▶ _Aim of the task_
Give the data below again exactly as written, without its pictures.

▶ _Data shown_
--------
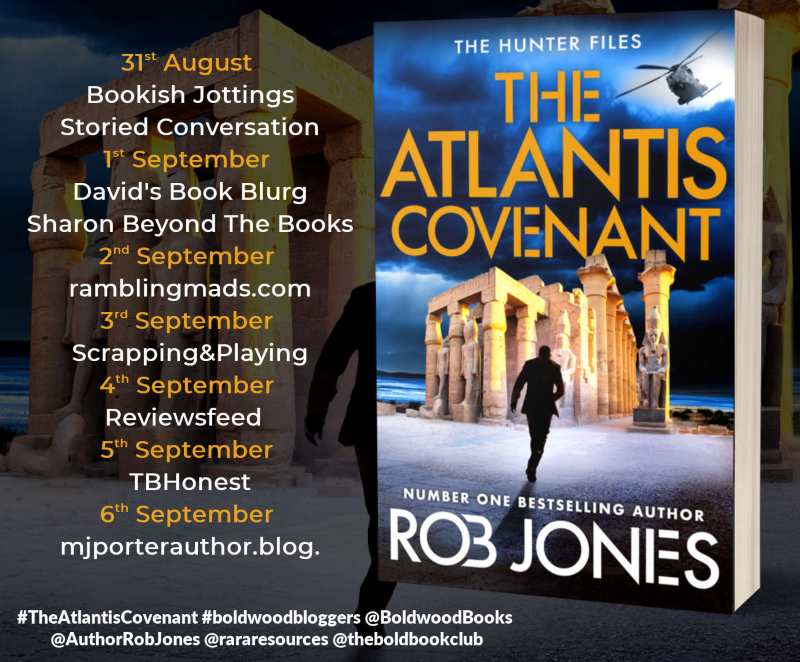 The Atlantis Covenant Full Tour Banner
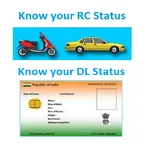Vehicle and DL Owner Details icon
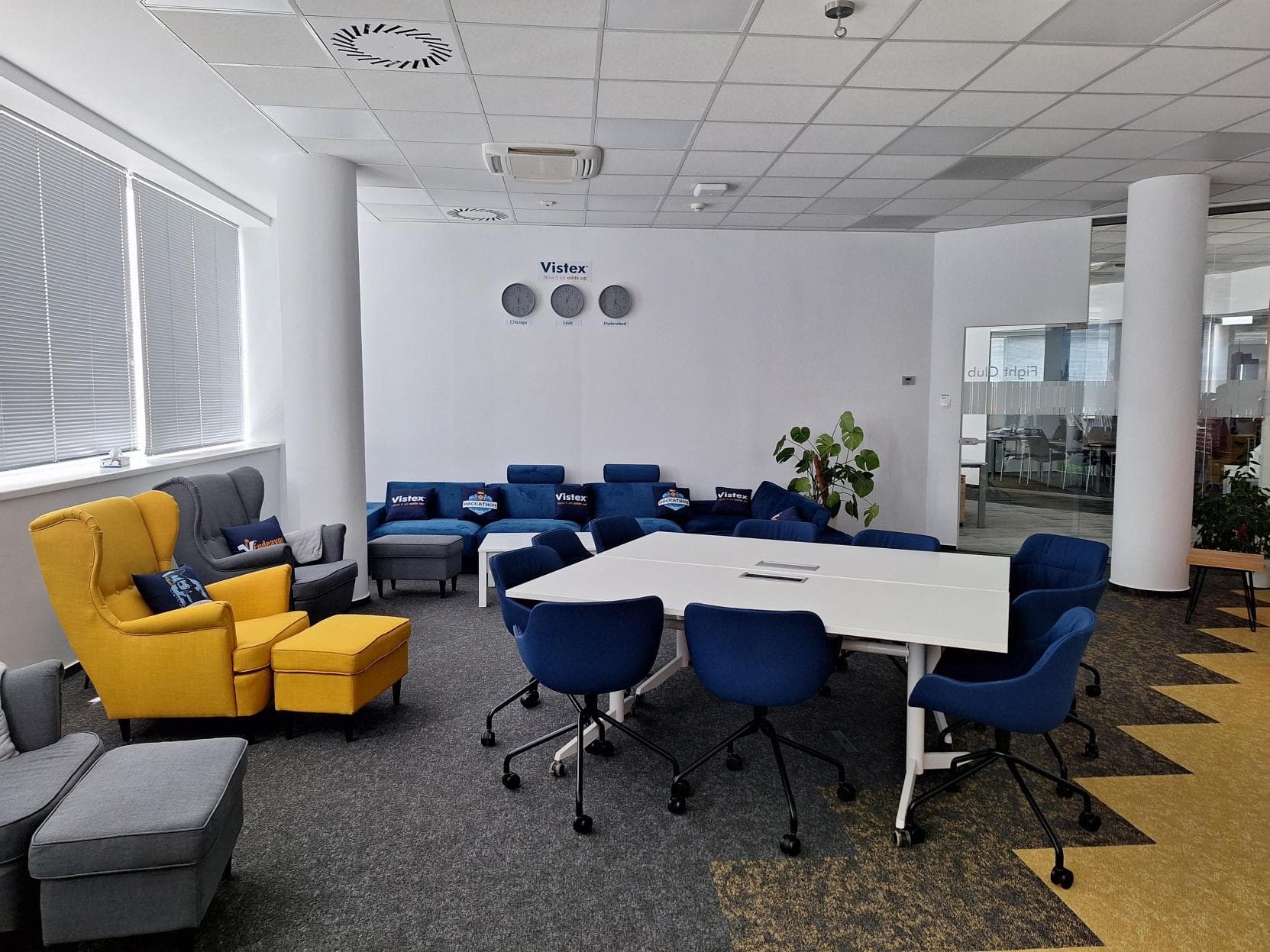 Vistex lobby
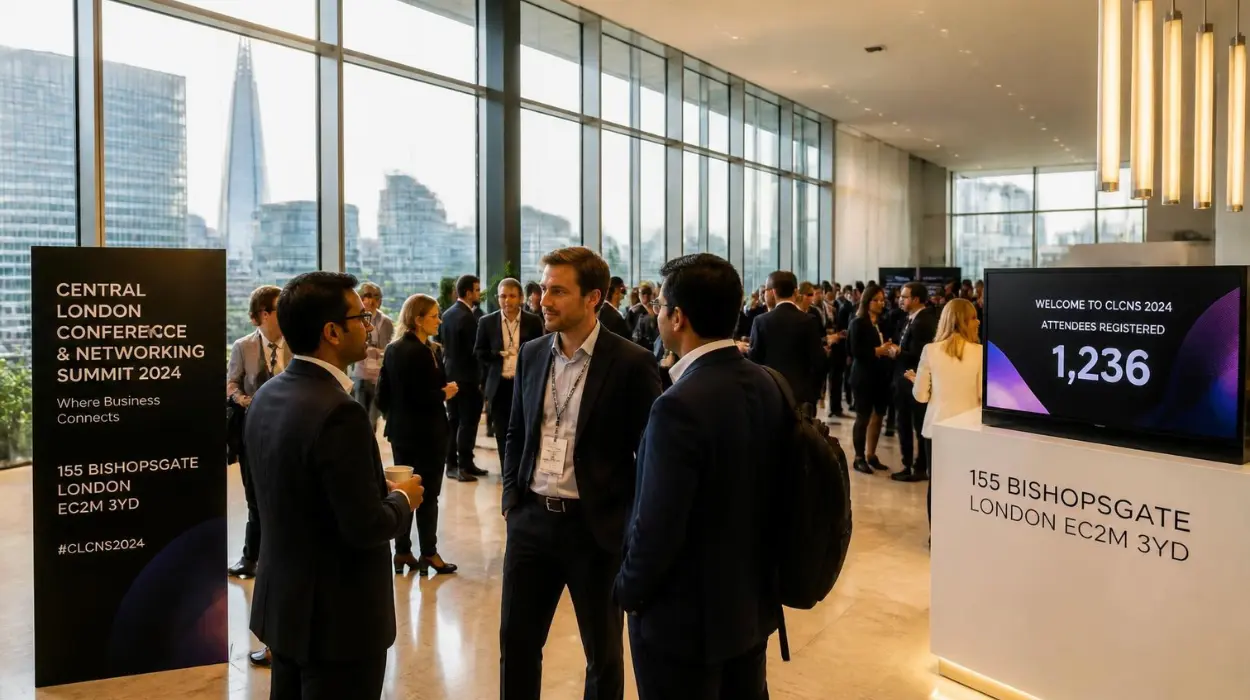 Why Do Central Locations Boost Corporate Event Turnout in 2026?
--------
▶ _The completed task_
 The Atlantis Covenant Full Tour Banner
Vehicle and DL Owner Details icon
 Vistex lobby
 Why Do Central Locations Boost Corporate Event Turnout in 2026?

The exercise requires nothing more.